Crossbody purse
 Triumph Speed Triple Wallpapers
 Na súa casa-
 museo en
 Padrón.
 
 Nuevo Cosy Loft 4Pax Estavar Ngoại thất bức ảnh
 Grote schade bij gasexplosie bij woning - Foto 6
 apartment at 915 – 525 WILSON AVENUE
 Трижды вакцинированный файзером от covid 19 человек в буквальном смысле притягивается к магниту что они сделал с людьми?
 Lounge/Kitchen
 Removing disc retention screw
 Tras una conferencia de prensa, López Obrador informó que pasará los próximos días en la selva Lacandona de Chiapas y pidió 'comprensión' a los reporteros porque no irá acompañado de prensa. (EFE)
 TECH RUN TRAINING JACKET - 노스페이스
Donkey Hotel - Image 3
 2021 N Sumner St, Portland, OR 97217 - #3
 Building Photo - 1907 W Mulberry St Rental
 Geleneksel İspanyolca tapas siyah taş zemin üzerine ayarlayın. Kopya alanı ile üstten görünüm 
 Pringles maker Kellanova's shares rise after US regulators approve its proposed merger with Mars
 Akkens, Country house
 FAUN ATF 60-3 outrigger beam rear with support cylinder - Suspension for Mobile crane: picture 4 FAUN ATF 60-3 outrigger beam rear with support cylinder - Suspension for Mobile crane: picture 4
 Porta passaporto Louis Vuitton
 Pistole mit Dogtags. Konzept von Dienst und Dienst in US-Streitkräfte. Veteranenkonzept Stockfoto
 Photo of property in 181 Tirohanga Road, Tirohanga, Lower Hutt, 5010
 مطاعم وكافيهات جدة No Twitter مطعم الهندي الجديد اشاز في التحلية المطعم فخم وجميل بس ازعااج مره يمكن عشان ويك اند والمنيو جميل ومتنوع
+++++
Only lines with the word "Photo" belong in the answer; copy each of them from the material above.

 Building Photo - 1907 W Mulberry St Rental
 Photo of property in 181 Tirohanga Road, Tirohanga, Lower Hutt, 5010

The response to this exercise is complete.